**Exercise brief**. Which lines run from the one with "748 S 5300 W, Salt" through the end of the data? Retype them exactly, without pictures.

**Data section**.
+---+

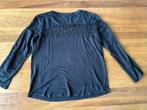 SANDRO shirt zwart linnen kant longsleeve M, Maat 38/40 (M), Zwart, Sandro, Ophalen of Verzenden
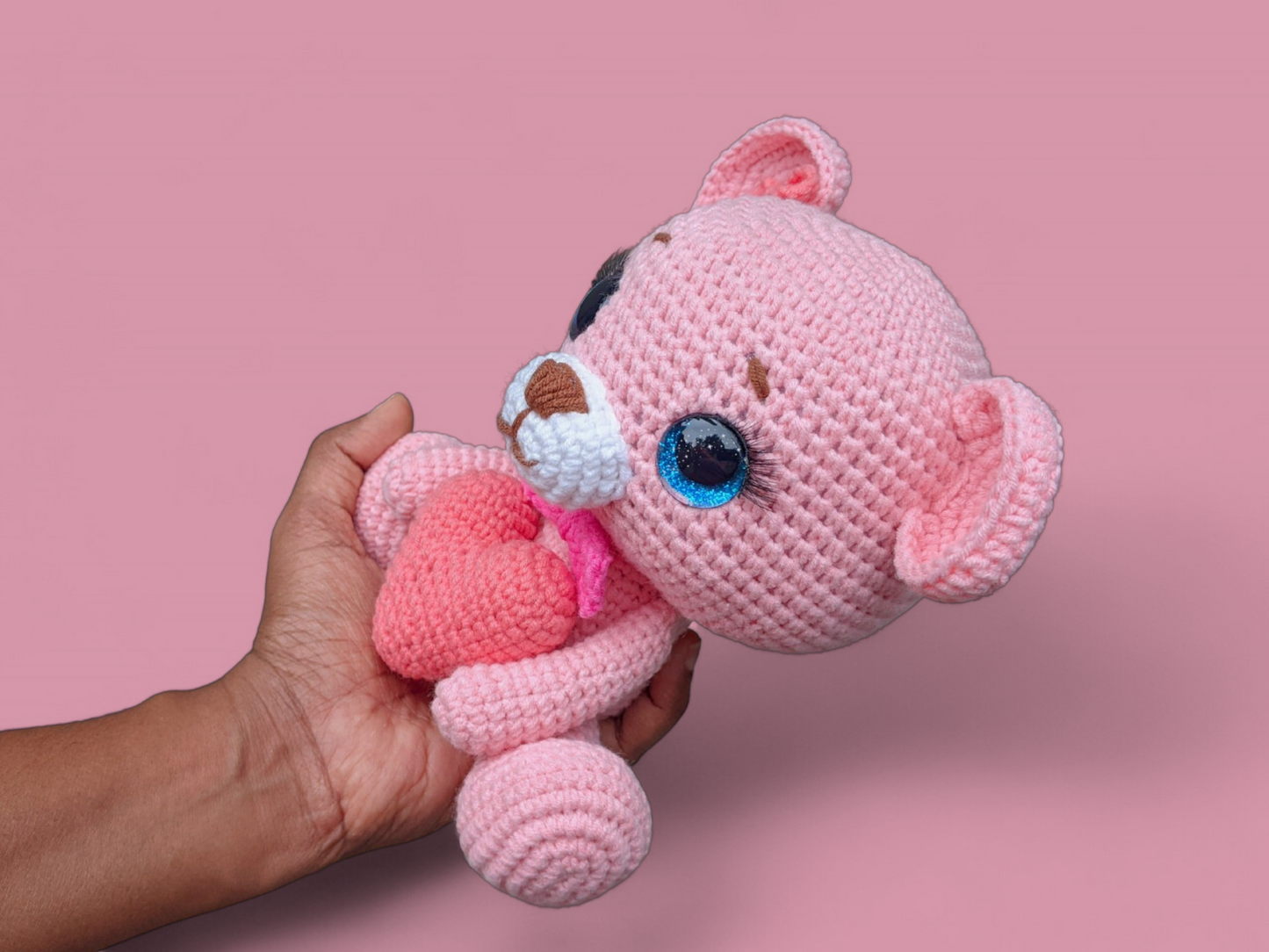 Bella The Bear Crochet Pattern - Valentine's Day Gift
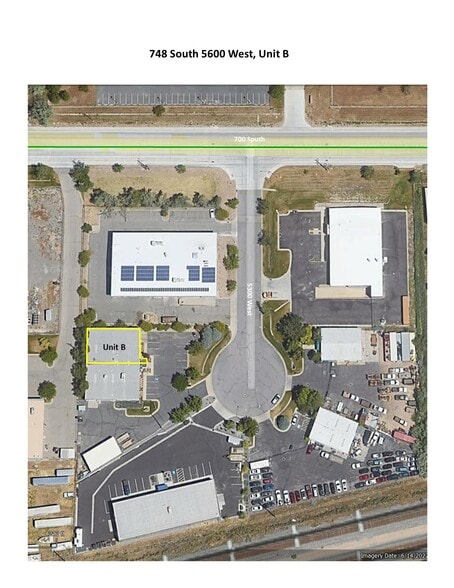 748 S 5300 W, Salt Lake City, UT for lease - Aerial - Image 2 of 12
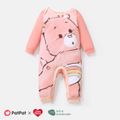 Gli Orsetti del Cuore Neonato Unisex Orso Infantile Manica lunga Tute Rosa image 1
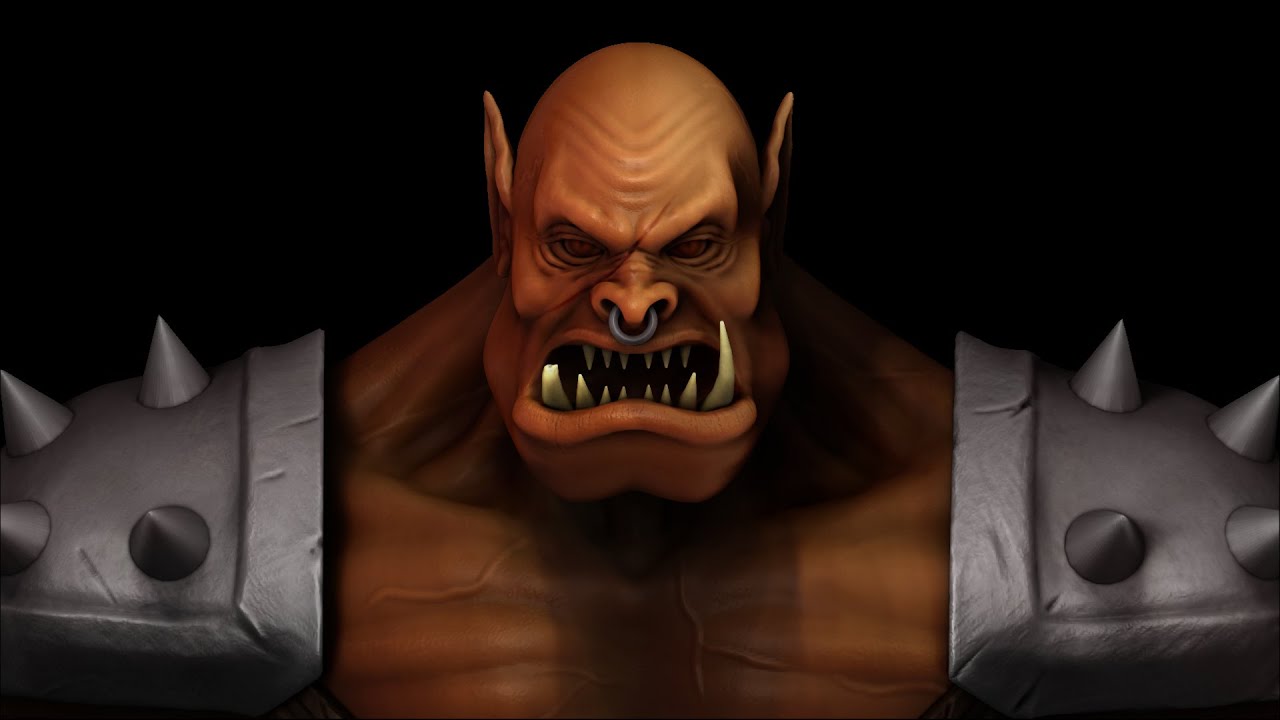 Orc Digital Sculpt (Timelapse)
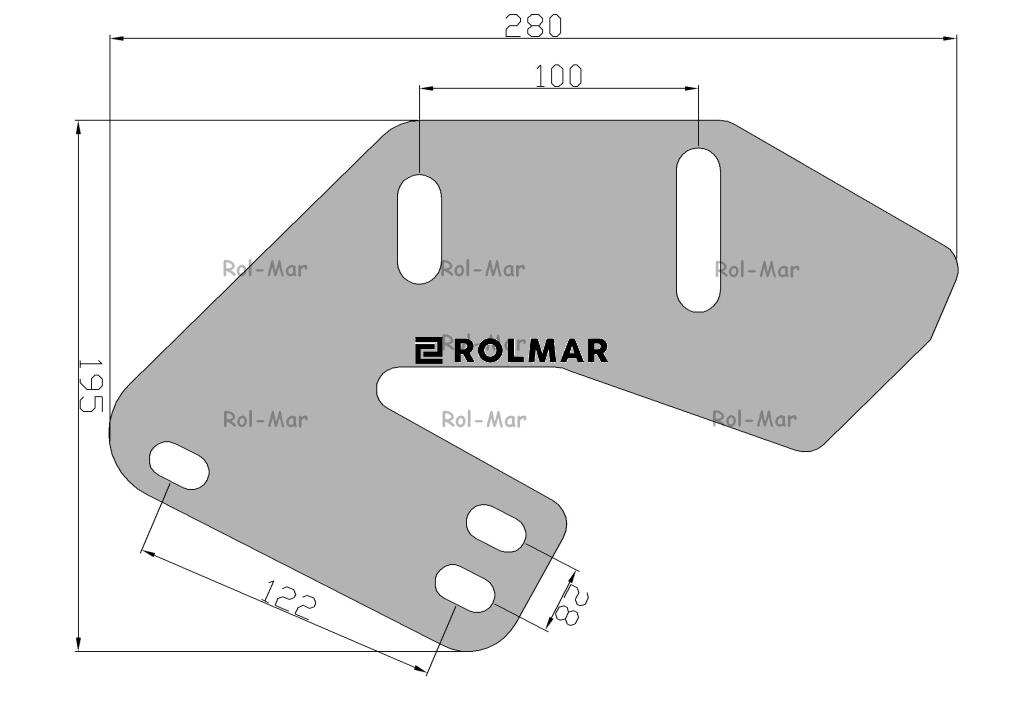 Uchwyt ścinacza lewy Kverneland Vulcan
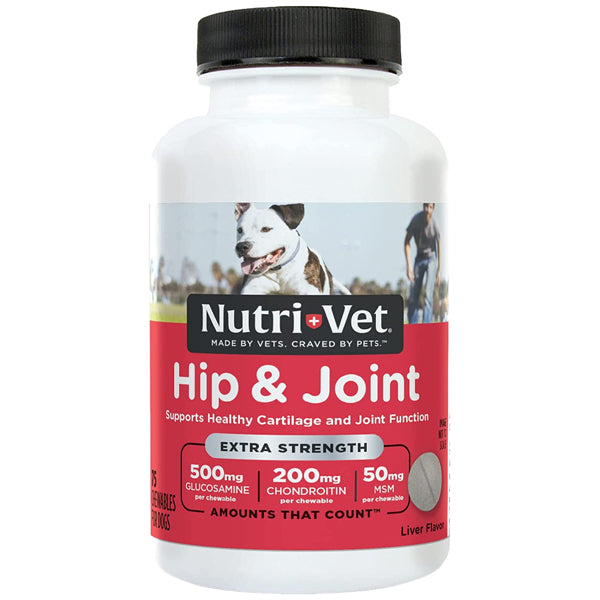 Nutri-Vet Hip & Joint Extra Strength Dog Chewables 75ct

+---+

**Result**.
 748 S 5300 W, Salt Lake City, UT for lease - Aerial - Image 2 of 12
 Gli Orsetti del Cuore Neonato Unisex Orso Infantile Manica lunga Tute Rosa image 1
 Orc Digital Sculpt (Timelapse)
 Uchwyt ścinacza lewy Kverneland Vulcan
 Nutri-Vet Hip & Joint Extra Strength Dog Chewables 75ct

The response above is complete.